The first part of my answer is service. All of the opportunities I have had and discoveries I have made have been built on the contributions of many people. It takes a lot of people to run a university, to award grants from the NIH, to review and edit papers so we can all publish them, and I feel there's a responsibility to contribute to these institutions. I said ‘yes' to JCS in particular because I really like The Company of Biologists' publications; I've published in three of them, JCS, Development and Disease Models and Mechanisms. And I feel like I have had a very fair review process each time, whatever the ultimate decision. We publish in a wide range of journals and it's clear from the review process at JCS that the editors are scientists, that the reviewers are scientists, and it's got a very serious mission and it works very hard to identify high-quality papers and to publish them in a way that lets the researchers get back to their research.
What did you hope to get out of this role?

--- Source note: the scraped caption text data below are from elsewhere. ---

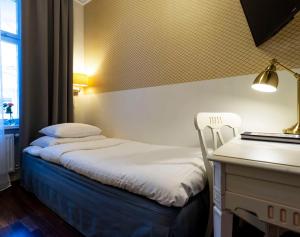 Postel nebo postele na pokoji v ubytování Best Western Hotel Bentleys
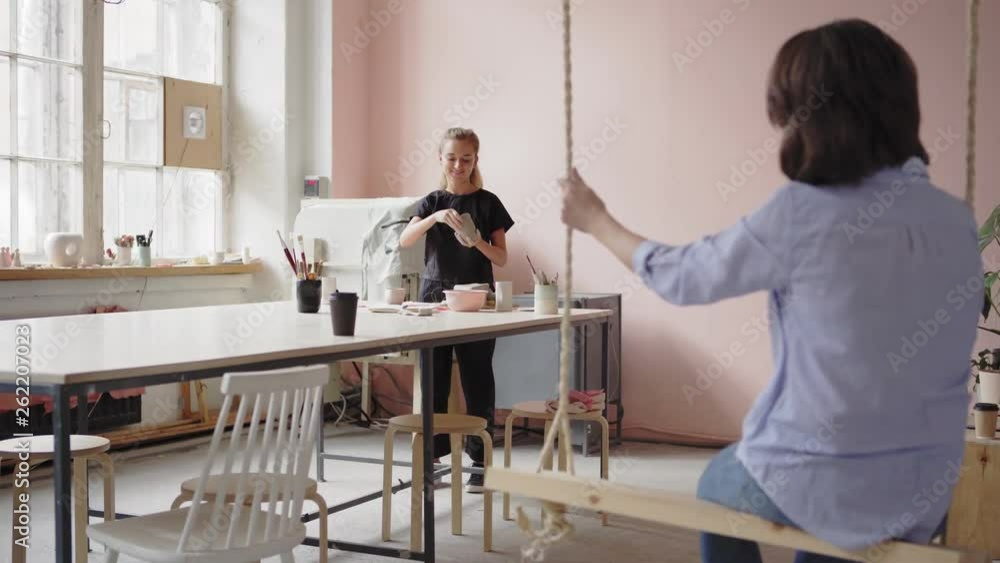 Wide shot of young female ceramic artist making clay artwork at table and talking to her friend relaxing on wooden swing in art studio Wide shot of young female ceramic artist making clay artwork at table and talking to her friend relaxing on wooden swing in art studio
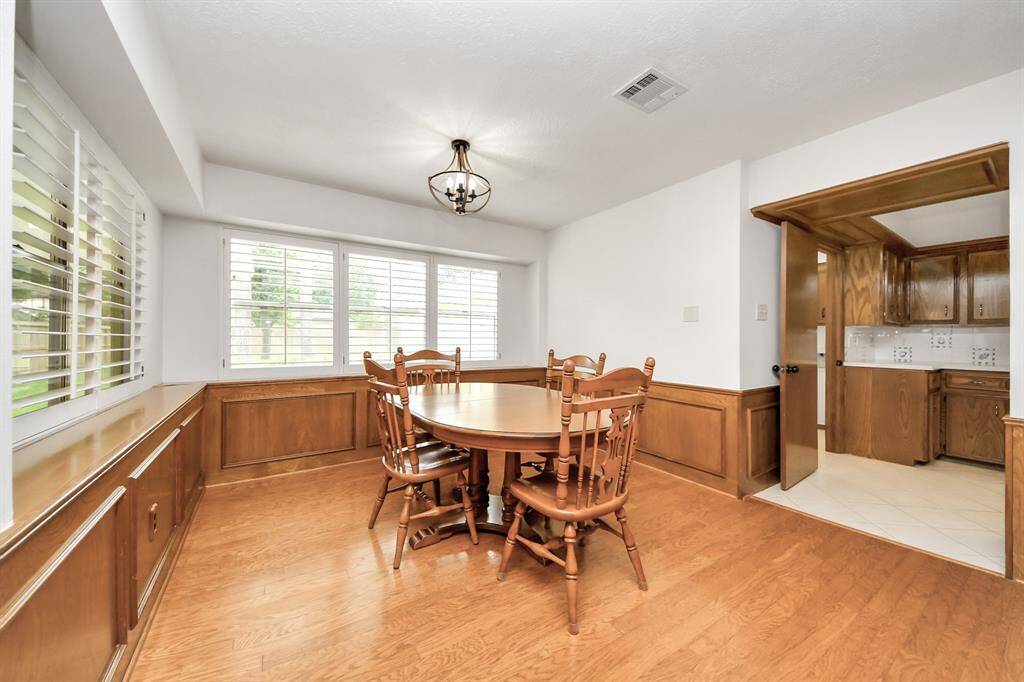 Open and bright breakfast room overlooking large covered back patio and yard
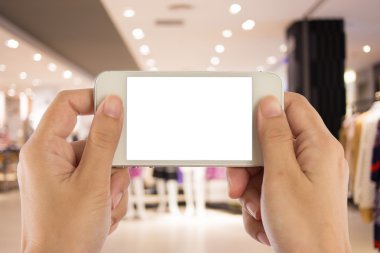 Fotoğraf boş. Alışveriş mal bir akıllı telefon ile fotoğraf çekimi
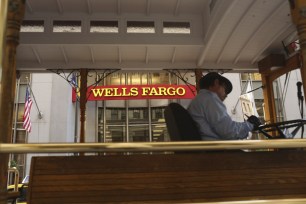 A Wells Fargo Bank sign seen through a motorized cable car in San Francisco.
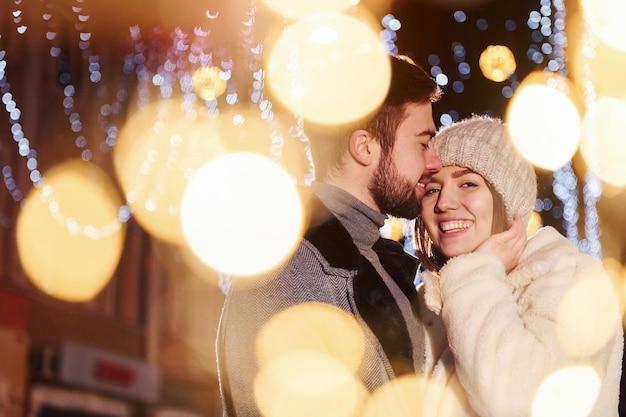 Closeness of the people Happy young couple celebrating New year outdoors on the street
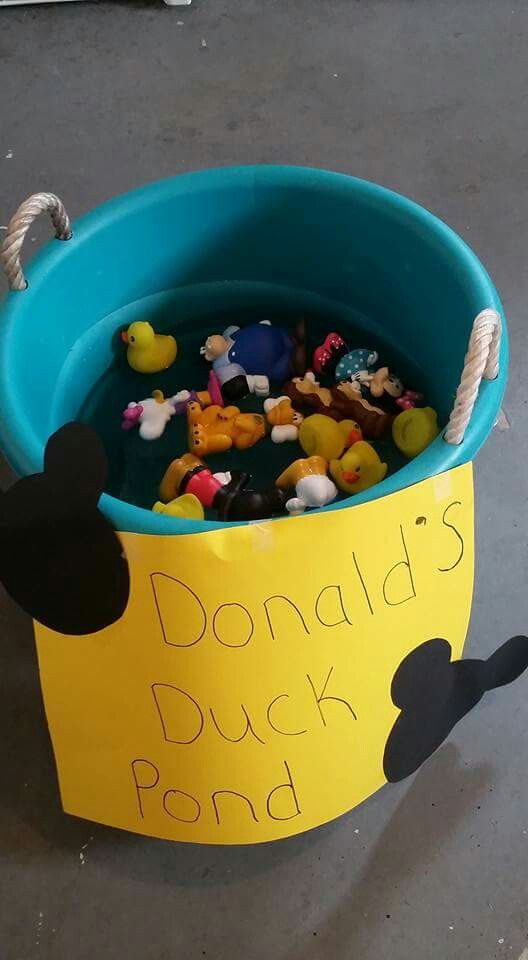 a bucket filled with lots of toys sitting on top of a cement floor next to a sign that says donald's duck pond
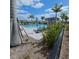 Large community pool with lounge chairs and umbrellas at 19235 Allium Pl, Orlando, FL 32827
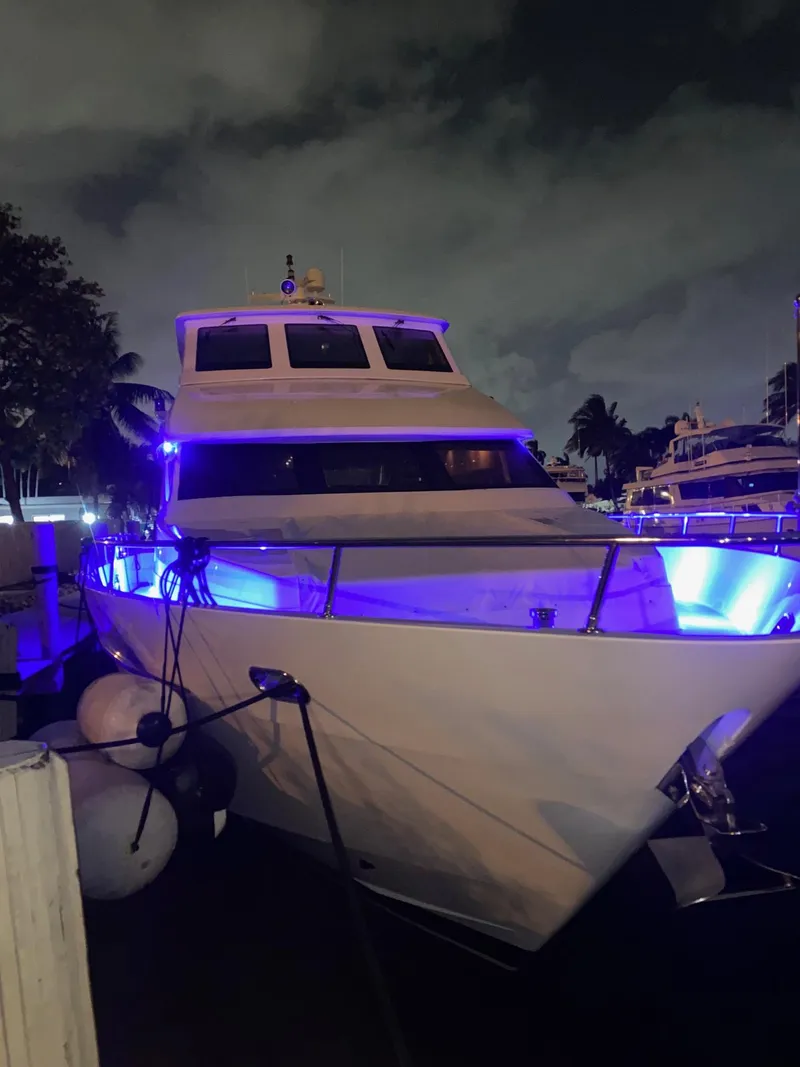 Slide: The Image of 2003 Hargrave Sky Lounge yacht docked at night, illuminated with blue lights. - 48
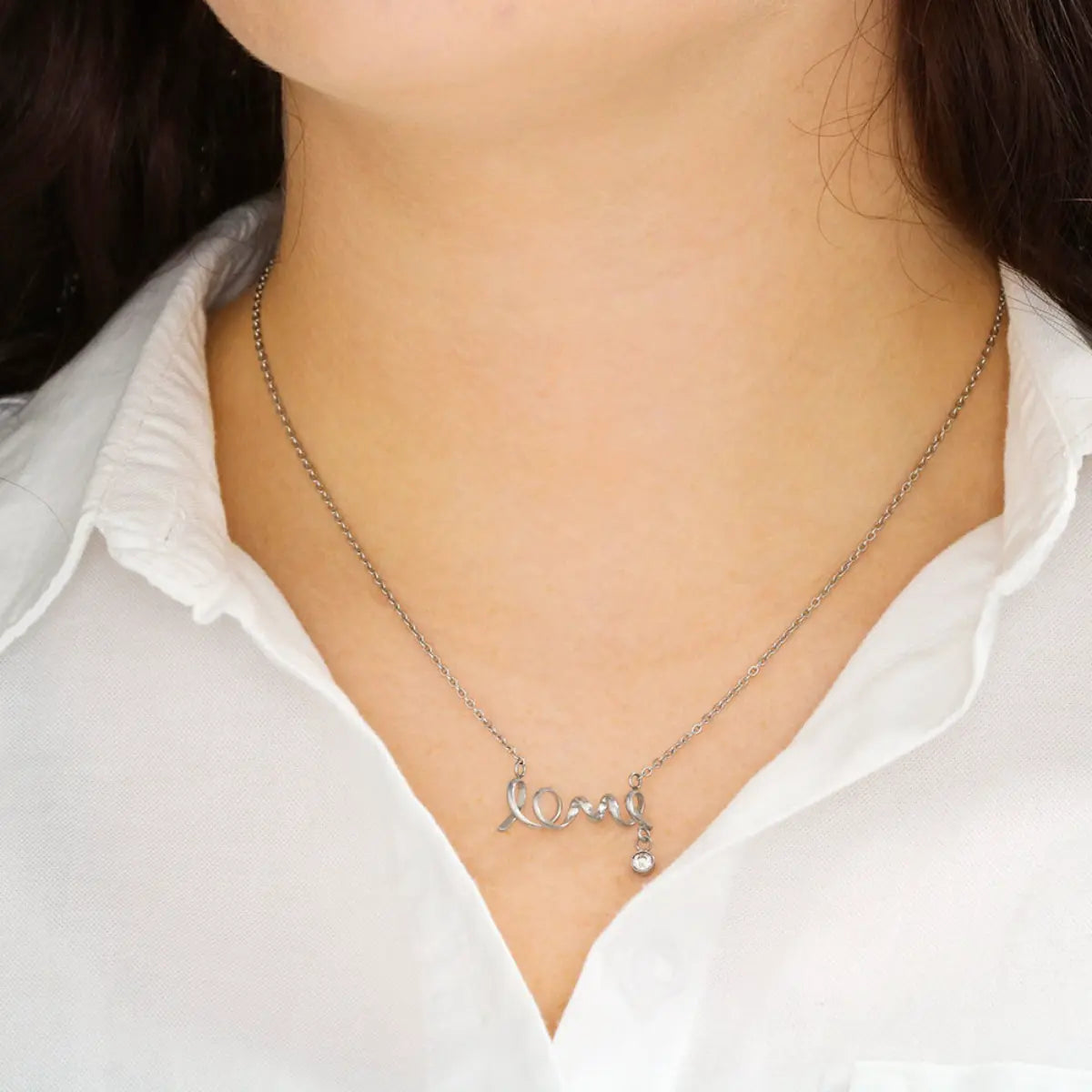 Silver necklace with a pendant worn by a person in a white shirt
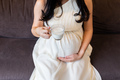 Pregnant woman with cup of milk - PhotoDune Item for Sale
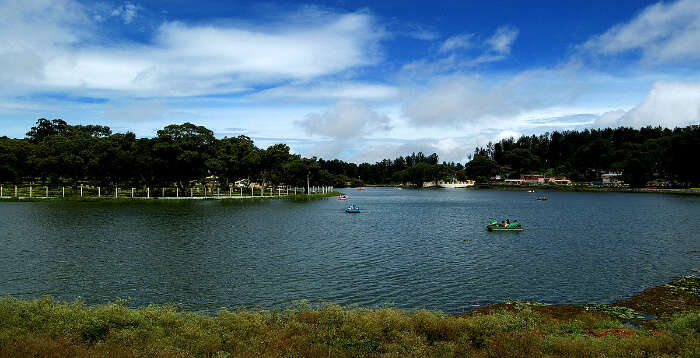 Gorgeous Yercaud lake with boats sailing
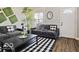 Well-decorated living room featuring stylish furniture, decorative accents, and a bright ambiance at 921 S State Ave, Indianapolis, IN 46203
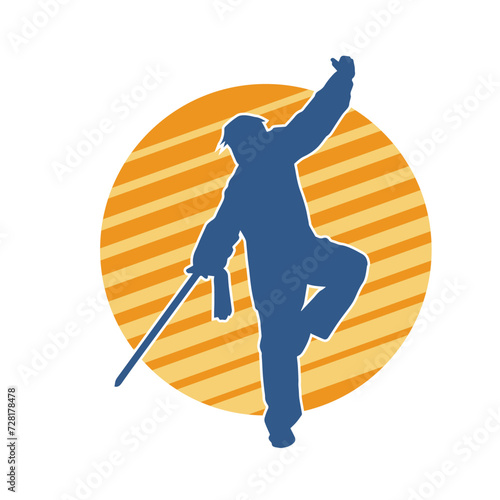 Silhouette of a kungfu or wushu martial art athlete in action pose. Silhouette of a male martial art person in pose with swords weapon.
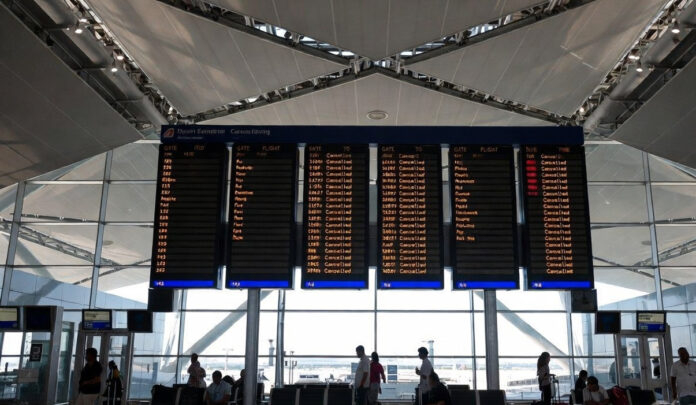 Departure board showing canceled flights at Dubai International Airport amid airspace suspension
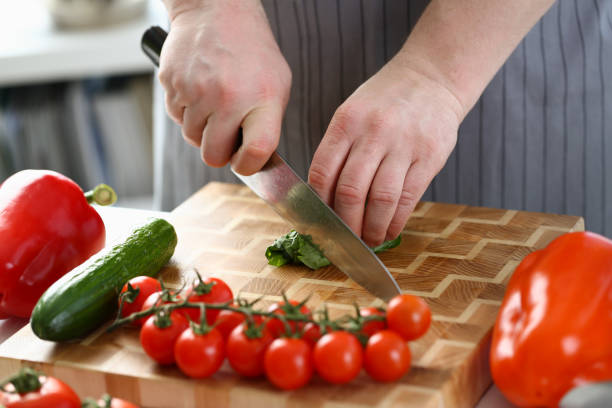istock Chef is preparing salad of spinach cucumbers and tomatoes in kitchen 1430716896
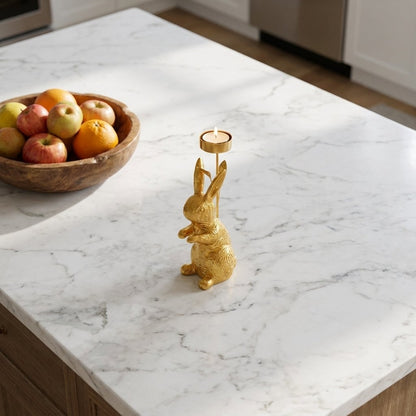 Gold standing rabbit candle holder on marble kitchen island beside fruit bowl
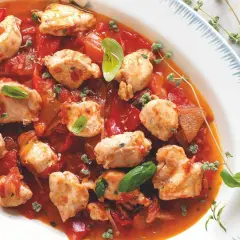 Piatto di coniglio alla cacciatora ricetta della nonna, con pezzi di carne tenera in salsa di pomodoro e peperoni, guarnito con basilico fresco e timo.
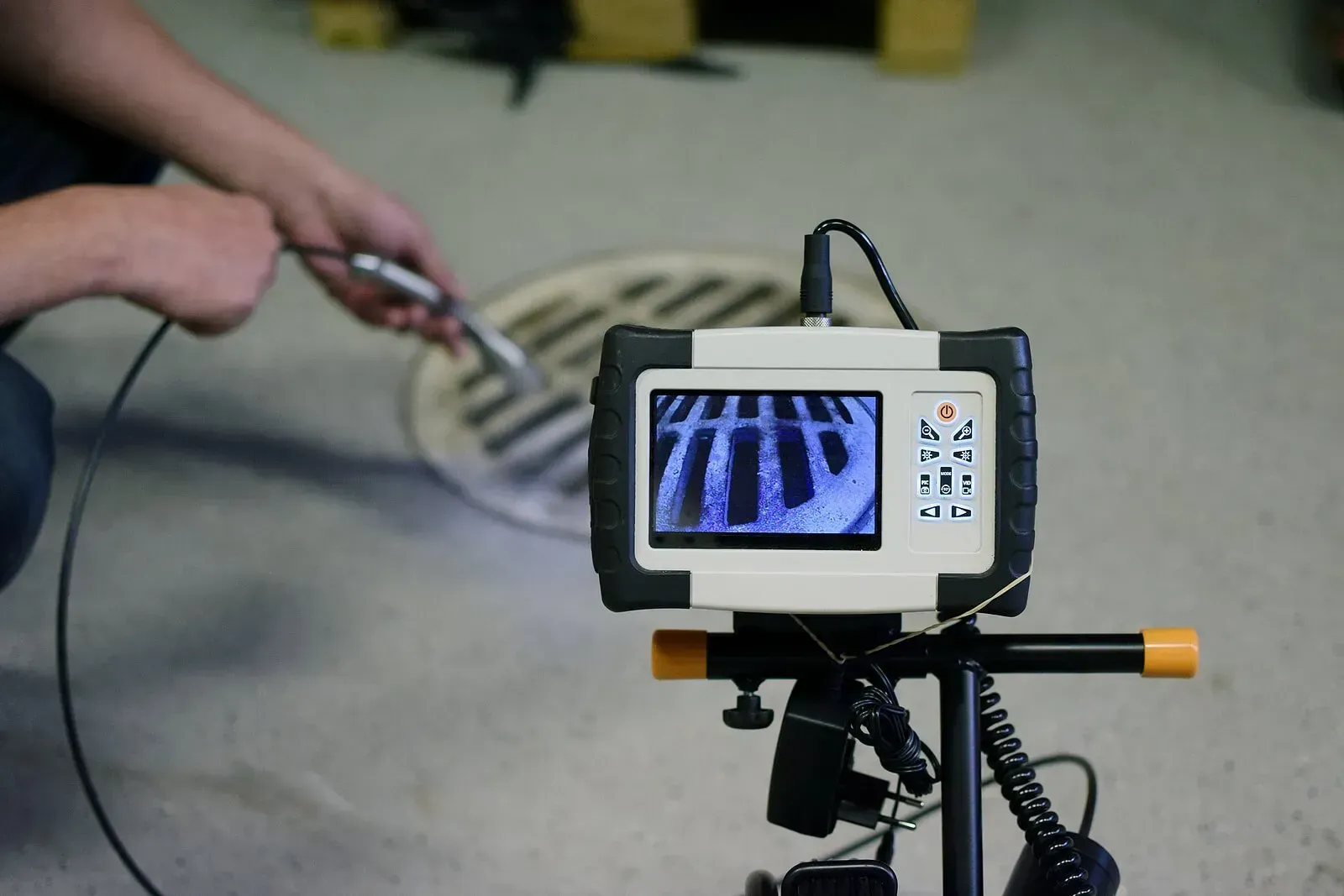 A person using an inspection camera to view a drain grate, the camera's display shows the grate's interior. A person using an inspection camera to view a drain grate, the camera's display shows the grate's interior.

I was very interested to see behind the curtains of how the review process works. It has been fun to learn more about emerging themes in cell biology and to gain more insight into what others view as the key advances and the key model systems and technologies in 3D cell biology. It has also given me a much deeper understanding of the manuscript review process. I pay much more attention to my cover letters and to my suggestions for reviewers than I did before. It really is in your interest as an author to make it as easy as possible for the editor to understand why this is not only a strong paper, but an appropriate paper for the journal. I think it has been a real education to serve as an editor and it has already made me better at my job.
“I think it has been a real education to serve as an editor and it has already made me better at my job.”
What was your role in handling manuscripts for Journal of Cell Science?
Guest Editorship at JCS is time-limited, but while you are a Guest Editor you are fully an editor of the journal, manuscripts are assigned to you and you have the authority to determine which are most suitable for publication. This is actually quite different from other journals, where you might be ‘Guest Editor’, but not have authority over the papers. I sit down, I read the whole paper and then I decide whether it's a good fit for the journal and whether it's likely to fare well in peer review. If I decide it's not appropriate for JCS, I write an individualised letter to explain why not; if it is appropriate, I send it out for review as quickly as possible. The goal is to have that whole process, from receiving the assignment to having the decision to go to review, made within 48 h. I think I've hit the mark for most manuscripts. At JCS, it's the editor who decides whether it goes in, it's not a voting process among the referees; they're advising, but the editor decides. At JCS, people are very responsive, so it's very easy for the editors to seek opinions from each other, and the format for the reviewer comments recently changed to a more structured feedback request, helping the editor to focus on the most important points. It is about identifying the things that are necessary to do in order for the paper to be publishable in JCS, rather than giving the reviewers an open-ended platform for requesting more experiments.
And how were you involved with the Special Issue on 3D cell biology?
I have been the editor for all of the papers submitted for the special issue. We received very interesting papers that were responding to the idea of 3D cell biology in very different ways. We had several papers using light and electron microscopy to reconstruct the 3D structure of specific subcellular organelles, papers that determined the molecular differences in signalling between cells in 2D and 3D environments, and submissions covering fundamental cell biology within a 3D environment, such as a developing embryo or a 3D epithelial cyst. It has been exciting, across the spectrum, to have witnessed what the field is excited by.
Acknowledgements
Andy Ewald was interviewed by Anna Bobrowska, Editorial Intern at Journal of Cell Science. This piece has been edited and condensed with approval from the interviewee.